You're simply human - and you have a great sense of humour about it all.

Anonymous said...

Uhm. I <3 you.

Yes.

brandy said...

Ha! I'm totally the same as you in the mornings. I loathe everything and feel so sorry for myself anytime before 9am my old room mate shunned me while eating breakfast.

And your last two lines? Classic.

Dexter Colt said...

Well, better neurotic than psychotic. In fact, some people find neurosis endearing. Psychosis? Not so much.

t.k.foster said...

Actually, you sound quite normal. Of course, many of us aren't normal either, so maybe that's why we think it's normal (or are we?).

Honestly, if I could go to my gym at a time when no female was around, I'd do it. I hate when people turn hot-sweaty-bust-your-ass-time into let's-see-how-tight-I-can-get-my-pants/shirt-to-be. Grammatically incorrect, I know, but annoying as Hell nonetheless.

Maria said...

They are judging you. Which is why I try to only pick documentaries and classic films when I rent movies. I save my crappy choices for the self-checkout at the library.

Anonymous said...

ha. great post. i'm so lucky i moved far away from my longtime hairdresser. i can't even imagine what she would think of my latest hair choices.

Anonymous said...

lol @ your morning thinking routine. I can totally relate.

EF said...

Never underestimate the power of the leopard print! Look where it got Loverboy!

Anonymous said...

That's why I use netflix, lol

Anonymous said...

hahaha emo in the mornings... SO ME, too!!!! loved this post!

Anonymous said...

I feel I'm being judged sometimes when I rent certain things from the video store. But I can't write anything pre-coffee.

Dizzie said...

I know for a fact my coworker both judges and admires me for the amount of stilettos I have in my closet. Plus, the perfectly organized shirt section. She walked into my closet and refused to come out, claiming she could die happily there.

I wouldn't be happy, though!

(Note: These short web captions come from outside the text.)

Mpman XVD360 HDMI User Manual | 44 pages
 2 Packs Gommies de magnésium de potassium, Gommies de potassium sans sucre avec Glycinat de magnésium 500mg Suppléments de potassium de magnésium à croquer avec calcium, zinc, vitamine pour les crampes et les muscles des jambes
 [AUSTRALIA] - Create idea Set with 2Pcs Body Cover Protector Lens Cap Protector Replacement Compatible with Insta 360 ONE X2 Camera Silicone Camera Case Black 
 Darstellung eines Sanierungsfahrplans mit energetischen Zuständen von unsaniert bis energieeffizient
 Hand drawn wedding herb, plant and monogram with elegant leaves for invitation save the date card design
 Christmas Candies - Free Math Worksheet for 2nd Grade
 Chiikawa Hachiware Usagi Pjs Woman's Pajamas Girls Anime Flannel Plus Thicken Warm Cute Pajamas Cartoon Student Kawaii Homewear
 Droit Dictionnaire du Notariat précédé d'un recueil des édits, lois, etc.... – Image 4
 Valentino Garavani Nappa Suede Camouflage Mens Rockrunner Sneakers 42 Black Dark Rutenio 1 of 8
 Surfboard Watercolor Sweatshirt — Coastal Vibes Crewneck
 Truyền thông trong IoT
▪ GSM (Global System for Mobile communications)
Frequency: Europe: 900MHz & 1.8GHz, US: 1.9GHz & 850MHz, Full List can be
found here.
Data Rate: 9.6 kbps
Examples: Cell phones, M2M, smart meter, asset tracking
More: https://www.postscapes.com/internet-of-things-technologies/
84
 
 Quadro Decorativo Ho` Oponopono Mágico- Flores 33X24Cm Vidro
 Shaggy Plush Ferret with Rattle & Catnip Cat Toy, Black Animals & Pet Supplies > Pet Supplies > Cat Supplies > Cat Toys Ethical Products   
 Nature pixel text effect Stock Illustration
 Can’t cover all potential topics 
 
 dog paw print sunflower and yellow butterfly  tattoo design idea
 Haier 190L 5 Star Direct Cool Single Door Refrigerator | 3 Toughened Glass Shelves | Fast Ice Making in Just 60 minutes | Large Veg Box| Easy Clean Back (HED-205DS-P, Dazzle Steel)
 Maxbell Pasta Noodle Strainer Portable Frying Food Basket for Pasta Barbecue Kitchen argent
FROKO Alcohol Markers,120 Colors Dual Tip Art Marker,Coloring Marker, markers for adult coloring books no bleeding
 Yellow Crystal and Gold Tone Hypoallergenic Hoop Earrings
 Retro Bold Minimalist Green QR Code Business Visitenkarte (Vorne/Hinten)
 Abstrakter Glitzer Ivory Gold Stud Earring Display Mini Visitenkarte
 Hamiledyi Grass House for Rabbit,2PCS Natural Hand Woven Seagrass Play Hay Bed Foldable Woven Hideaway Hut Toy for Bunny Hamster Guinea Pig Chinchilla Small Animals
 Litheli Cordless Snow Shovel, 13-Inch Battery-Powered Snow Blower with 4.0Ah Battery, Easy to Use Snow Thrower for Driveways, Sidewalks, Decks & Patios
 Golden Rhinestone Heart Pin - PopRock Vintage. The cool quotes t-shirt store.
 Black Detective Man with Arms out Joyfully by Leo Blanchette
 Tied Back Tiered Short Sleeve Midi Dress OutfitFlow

Imagine having to step over a corpse every time I wanted to change outfits! :)

Anonymous said...

I feel the same way about the hairdresser thing; it's a sort of upscale place, and I always feel sloppy when I go in there. I probably give someone in there something to blog about!

I have the same morning problem. This AM, I dropped a piece of cantelope on the kitchen floor, stepped on it, and then picked it up (the sloppy mess) and set it in the handtowel drawer, instead of the garbage (one handle below). I'm stupid (extra stupid) until around 10am!

Laurie Stark said...

@ half-past kissin' time -
I love the idea of giving someone else something to blog about. What a nice way to think of all the times that I've done something really embarrassing!

KA said...

aww hon, most of the time people dont care about your choices... at least that's what I think. Or maybe that's because I really don't care?

I definitely feel you on the morning blues though. I'm exactly the same way pre-work out.

Anonymous said...

I'm a total sleep talker too. Most of the time I forget about it. Until that rare occasion when there's actually another person in my bed! Wonder what that means... like do we suppress things and then they come out in our sleep? Sleep talking ladies unite!

Lisa said...

Oh, man. I sleep talk like a mofo, too. I also sleep yell and sleep punch and kick.

I've missed you!!! On Christmas, I will ask you to reconsider publishing a full feed.